I am spending this week in the US to attend some planning and strategy workshops — which means being caught in the no man’s land of business travel. For me, travel (for business or pleasure) is both exciting and frightening — no matter which country that I visit. It is something to do with the crossing of borders — of leaving one’s homeland and venturing into the world of another — for whenever I leave my country, I am also leaving my "self". It makes me wonder who I will find/arrive as, at my destination.

And whenever I travel, I am always, always reminded of Helene Cixous’ beautiful writing on borders:

When I cross a border, it’s my border I’m crossing, though I don’t know which one I’m crossing or which side I end up on. This is the charm of crossing the border. It is also what can constitute its distressing side: Three Steps on the Ladder of Writing, p 130.
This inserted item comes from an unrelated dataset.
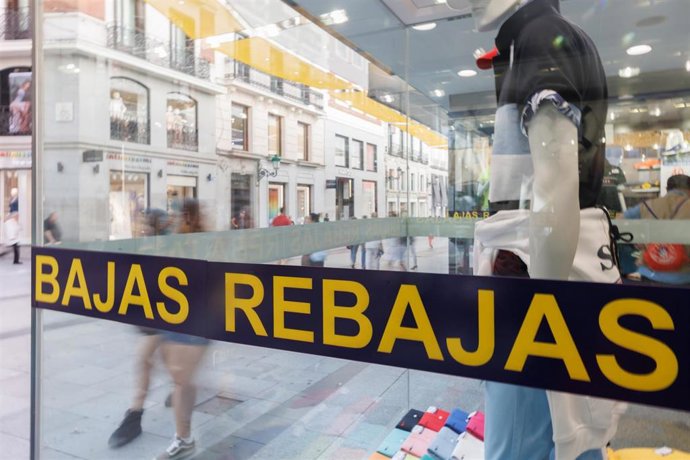 Cartel de rebajas en un escaparate el día que comienzan las rebajas de verano 2023 en Madrid (España).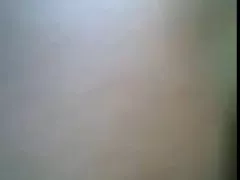 모리셔스플이 망가져 가는 야외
The "distressing side" was never more clear to me than when I first visited Beijing, for while I had done some travel in Asia and visited the USA many times, it was my first visit to China which made me realise the true nature of borders — and the fact that they are not porous, but resolute. And while they exist only in our imaginations, or as dotted lines on maps, they also signal completely different ways of looking at, engaging with, and being in the world. Borders are ideas made concrete.

And understanding this makes me a much more curious passenger. It makes me more observant of those passing through. It makes me wonder about the stories carried within and around my fellow travellers. And it makes me aware of the fine tension that we all share enroute — caught in the out-of-placeness of airports.

So while I was sitting in the lounge waiting to board the plane, observing, I could also hear some gentle notes being picked out on an instrument. Over in the corner was a group of musicians, and one of them was plucking out a melody on a uke. To my surprise, I found it very relaxing. Soothing. And when I Twittered something about this, Brent Dixon responded with a link to Jake Shimabukuro’s rendition of While My Guitar Gently Weeps. And while I didn’t see it until I arrived, it was worth the wait. Amazing.



Goes to show that some things cross borders seamlessly — data, ideas, money. But for me? I hold my breath with every crossing.